What are we diffing - data, VDOM abstraction

Doesn't it make more sense to diff application state? And then only derive and update those parts of the view that need updating.

Granted diffing the DOM is more abstract and could perhaps be more reusable across a larger range of applications but it's like preferring to catch the horse after it has left the barn rather than just locking the barn door. Maybe it's more to the point that VDOM-based solutions are more focused on providing an alternative to the DOM API that is as far removed from the DOM API as possible.


don't assume the word component means the same thing to everyone.

Good luck with that one.

Certain members of the front end developer community seem to have a hard time differentiating between a framework in general and an "application framework". There seems to be a "one word", "(my personal) one meaning" mentality out there.

The first is an interopt story, the second an organization story.

I think the second one is even more problematic though - organization of what?

If you can get people to accept Web components as mere custom elements (while the existence of the shadow DOM suggests the DOM component perspective) I think people will quickly lose interest - especially as Safari only supports autonomous custom elements without a polyfill (or ponyfill).

But as soon as you take the solution farther, like SSR you are inventing new territory.

I think not foreseeing the need for direct support of SSR/partial hydration may turn out to be the Achilles heel of the v1 spec. Hand designed solutions (that take over browser parsed DOM fragments) are possible with the technologies introduced by the spec but are not likely going to be embraced by a community with a very specific expectation of what a "component" should be.

but the way we organize our applications is not.

… or components for that matter.

What I'm alluding to is that components boundaries need a lot more attention. You've published a number of articles about the performance impact of component boundaries but there is another aspect that I think needs more scrutiny.

On a legacy automotive engine a carburetor can be considered a "component". The way many front end framework components are authored is reminiscent of a small carburetor permanently joined to a slice of an engine block containing a single cylinder.
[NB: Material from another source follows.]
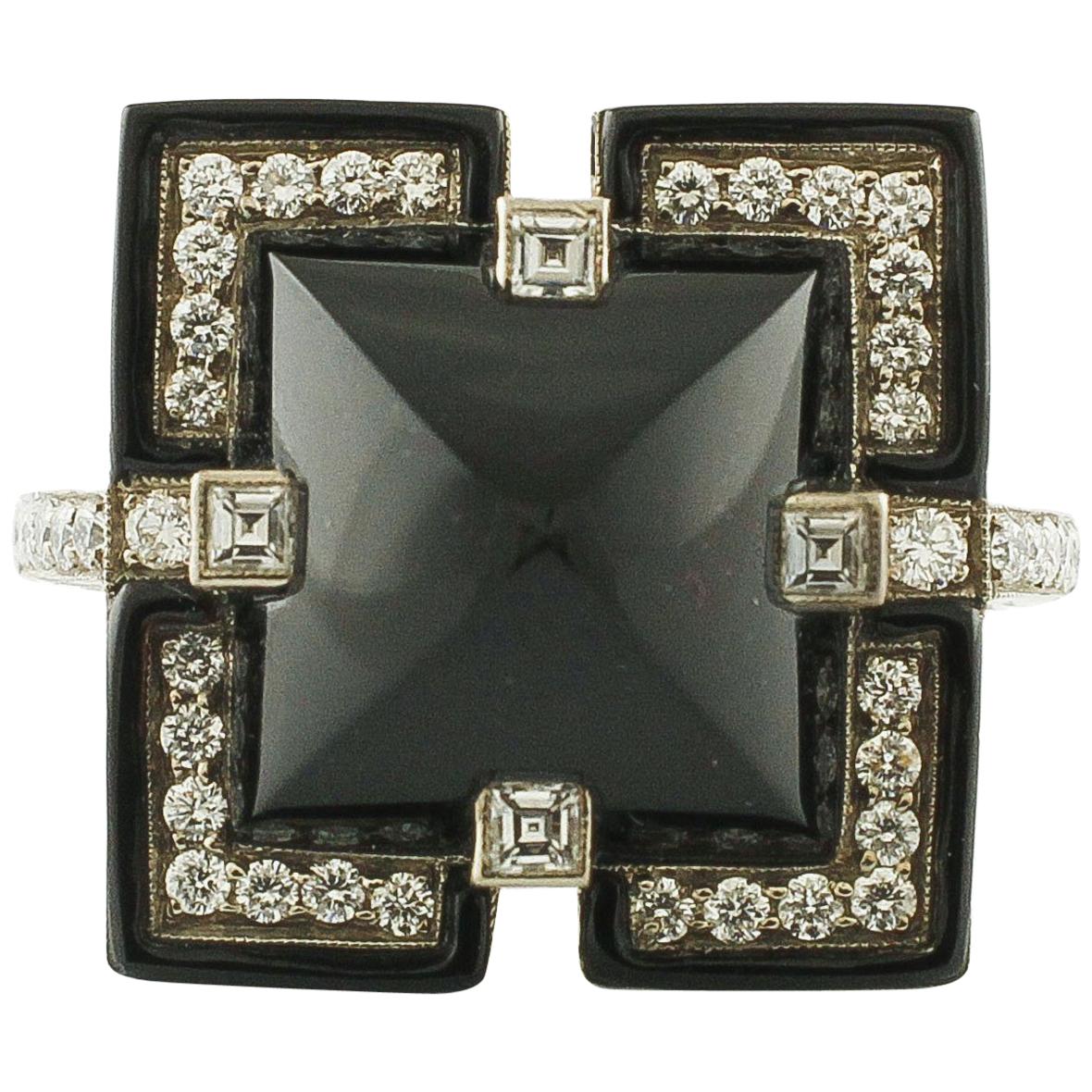 Diamonds Onyx 18 Karat White Gold Fashion Design Ring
When it comes to combustion engine design that idea would be considered ludicrous, yet in front end development this type of "self-containment" with high internal coupling is considered necessary to maximize productivity.

The Elm community gave up on "components" because of two distinct aspects of The Elm Architecture:

  • View: Transforming (part of) the model to (part of) the view (markup/DOM)
  • Update: Using a message from (some part of) the view to transform (part of) the model.
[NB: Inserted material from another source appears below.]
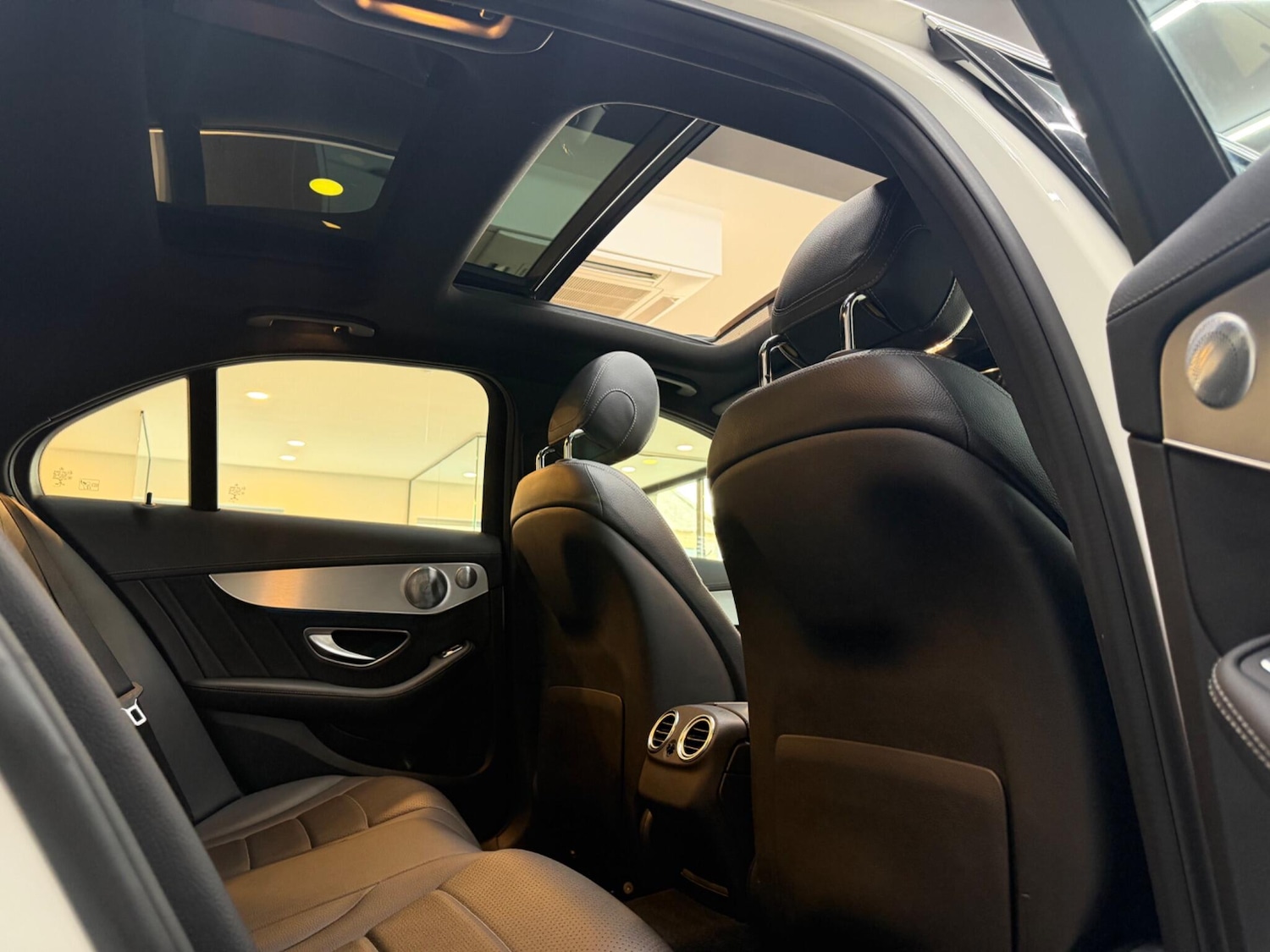 Used Mercedes-Benz C Class 2016 for sale - 77646478: Photo 57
While both aspects communicate via the Model there is an important insight - the boundary around the part of state affected by a message often didn't match up with the boundary around the parts of state needed to render the affected parts of the view - thus making it impossible to package "a bit of View" together with a "bit of Update" (and therefore bit of Model) into a "self-contained component".

Now granted SolidJS's fine-grained reactivity gets around this by be being - well - fine-grained enough to not have to worry about these courser grained boundaries. But …

Any solution to a problem changes the problem.

While framework components need to manage view state - shouldn't that be separate from client-side application state? This of course goes back to UI as an Afterthought which itself is based on earlier work. It seems to me that the current generation of "light weight" front end frameworks promote framework component boundaries that aren't necessarily ideal for maintainability - trading it off for perceived short-term productivity gain and perceived but usually unrealized reusability.


Great Article!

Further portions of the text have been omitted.